_Problem description_
Start with the line that holds "科学·技术·社会　生物入侵及其危害.ppt_第2页". Please copy it and each remaining line below exactly, leaving pictures out.

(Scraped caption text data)
>>>

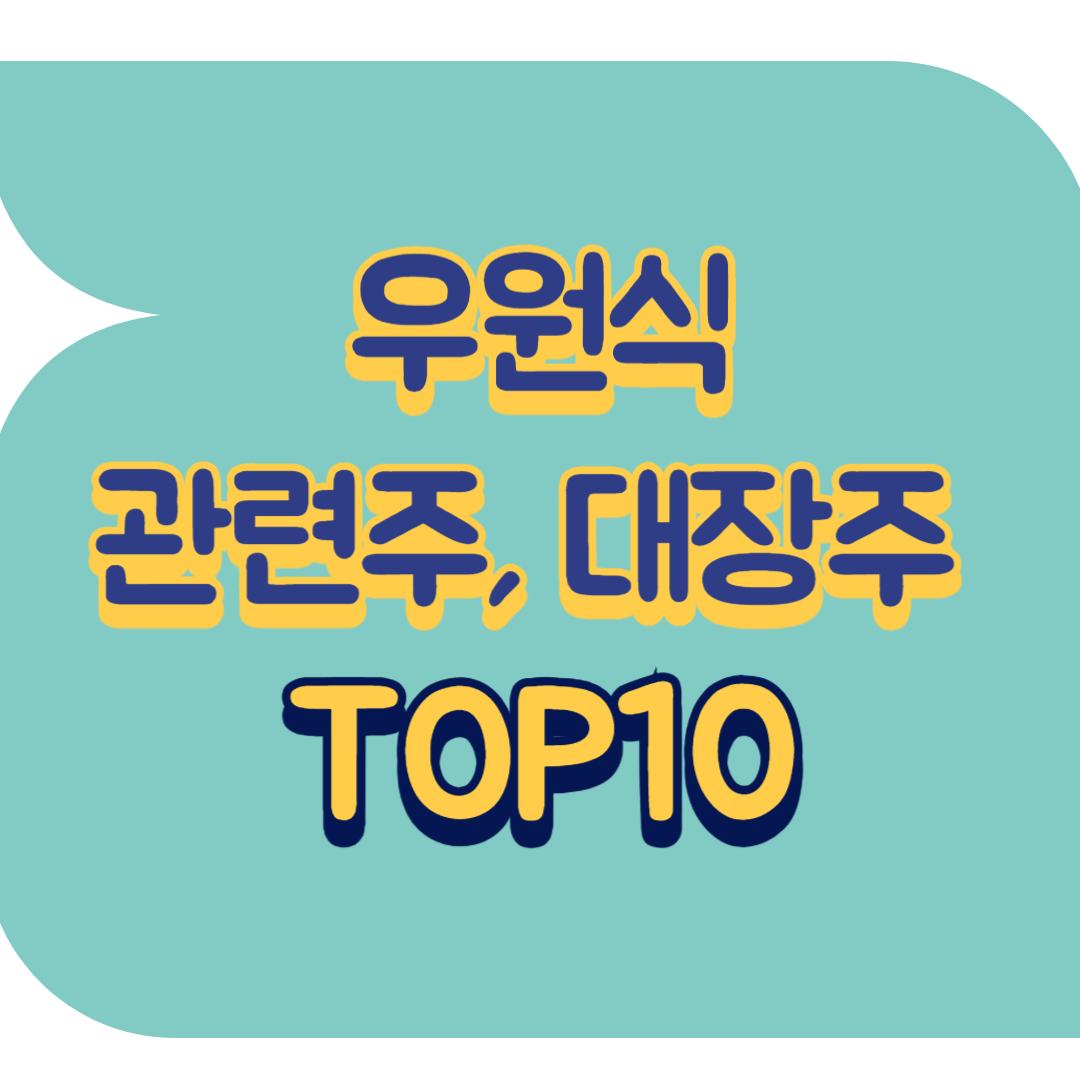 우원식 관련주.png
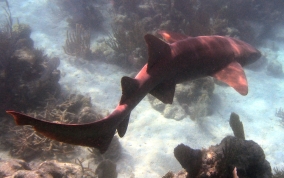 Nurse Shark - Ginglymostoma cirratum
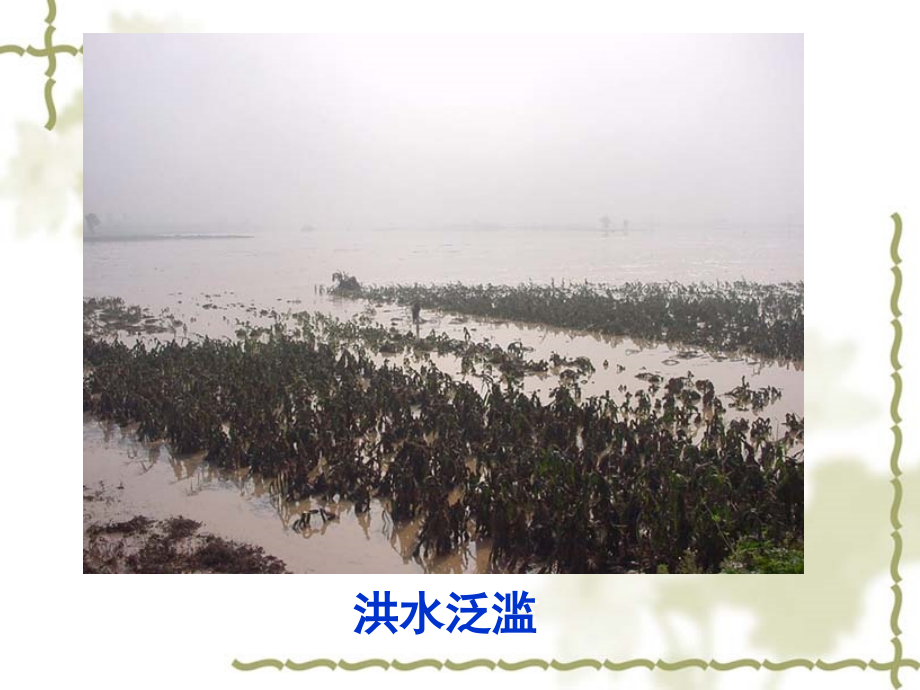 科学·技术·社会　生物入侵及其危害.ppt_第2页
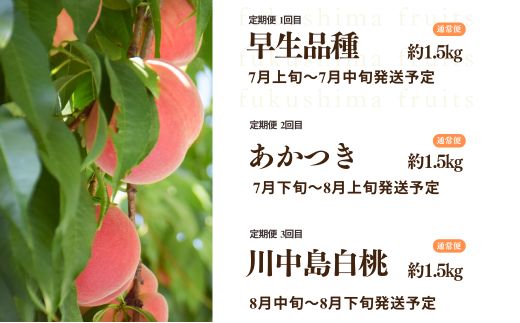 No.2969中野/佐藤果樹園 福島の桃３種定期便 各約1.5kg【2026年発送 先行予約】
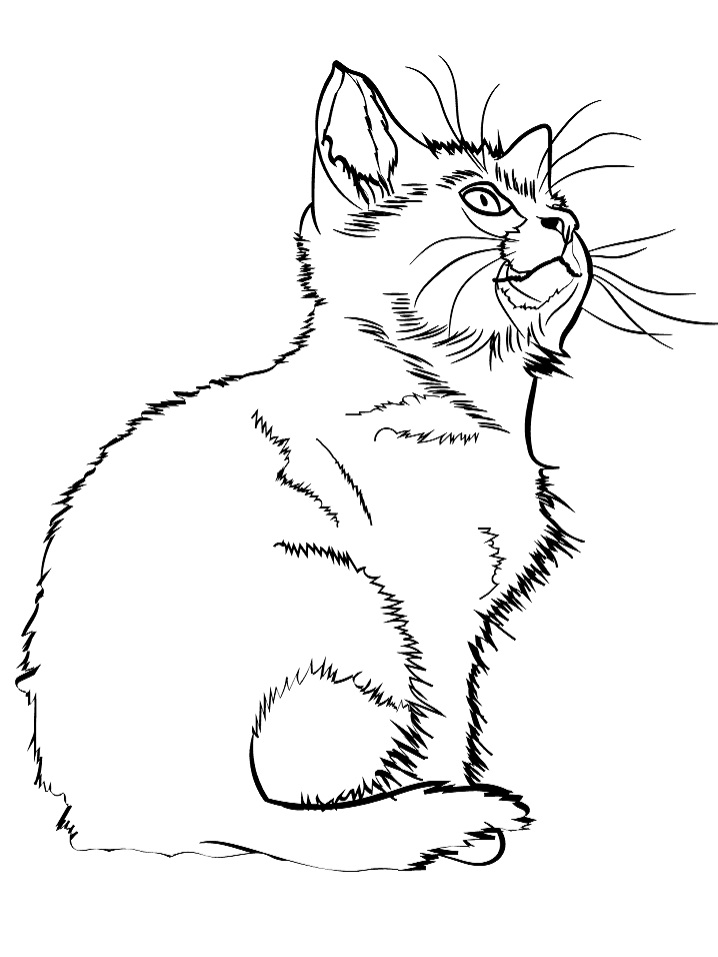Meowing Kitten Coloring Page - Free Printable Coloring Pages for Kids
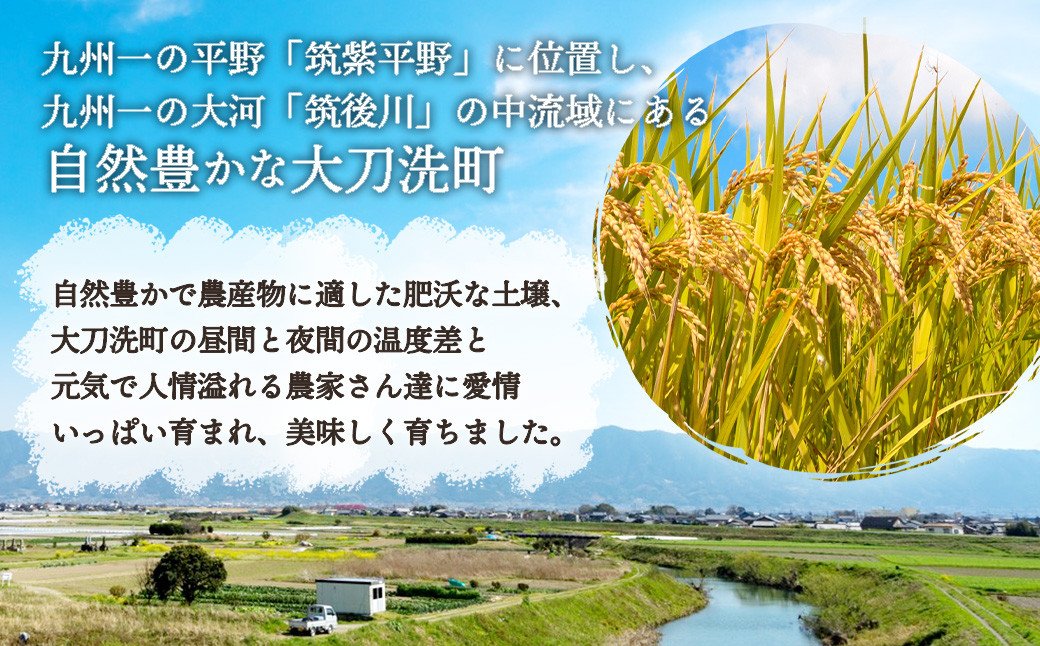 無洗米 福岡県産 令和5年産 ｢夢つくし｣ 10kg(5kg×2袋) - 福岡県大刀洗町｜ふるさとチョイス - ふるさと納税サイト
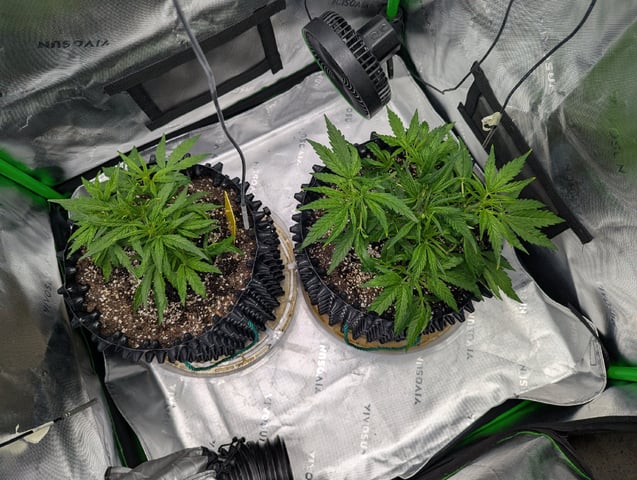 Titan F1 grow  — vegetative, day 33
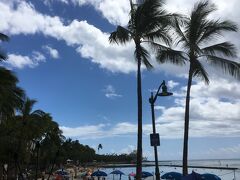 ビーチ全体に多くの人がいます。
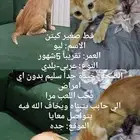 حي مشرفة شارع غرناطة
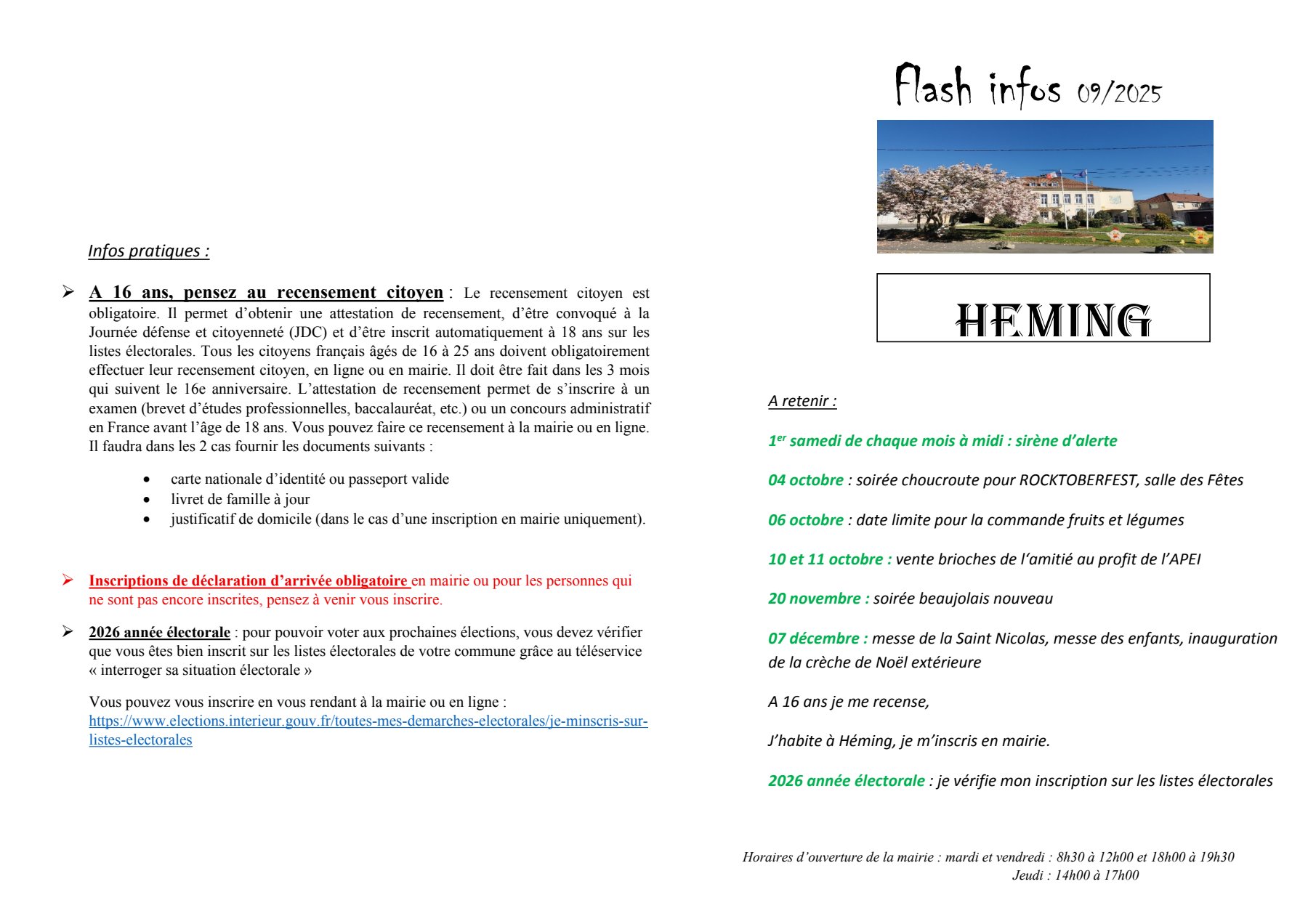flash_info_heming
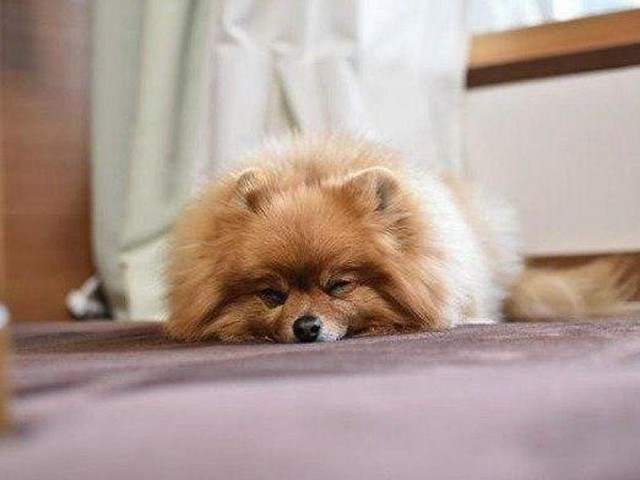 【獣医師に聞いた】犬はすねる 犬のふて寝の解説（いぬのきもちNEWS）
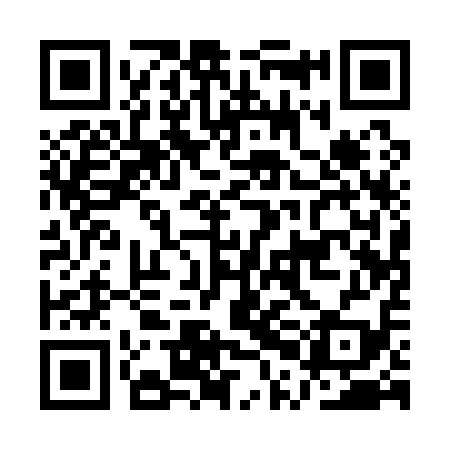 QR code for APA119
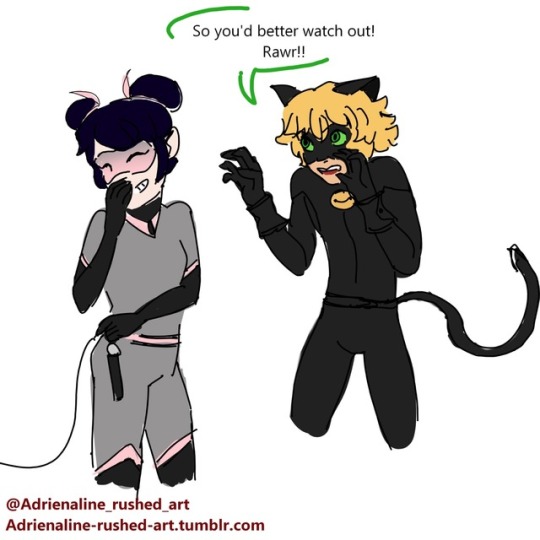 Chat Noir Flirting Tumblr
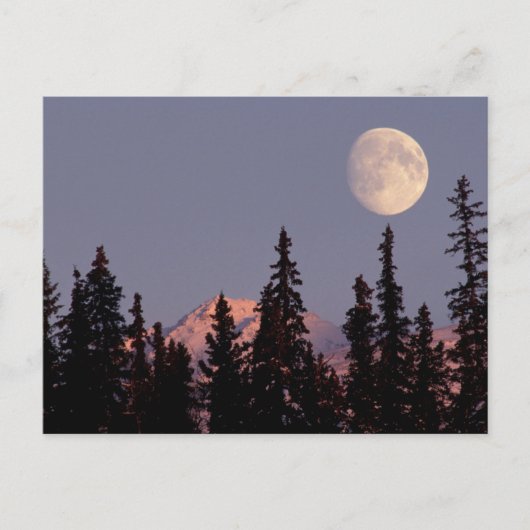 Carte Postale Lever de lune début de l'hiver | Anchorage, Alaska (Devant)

<<<

_Written answer_
 科学·技术·社会　生物入侵及其危害.ppt_第2页
 No.2969中野/佐藤果樹園 福島の桃３種定期便 各約1.5kg【2026年発送 先行予約】
Meowing Kitten Coloring Page - Free Printable Coloring Pages for Kids
 無洗米 福岡県産 令和5年産 ｢夢つくし｣ 10kg(5kg×2袋) - 福岡県大刀洗町｜ふるさとチョイス - ふるさと納税サイト
 Titan F1 grow  — vegetative, day 33
 ビーチ全体に多くの人がいます。
 حي مشرفة شارع غرناطة
flash_info_heming
 【獣医師に聞いた】犬はすねる 犬のふて寝の解説（いぬのきもちNEWS）
 QR code for APA119
 Chat Noir Flirting Tumblr
 Carte Postale Lever de lune début de l'hiver | Anchorage, Alaska (Devant)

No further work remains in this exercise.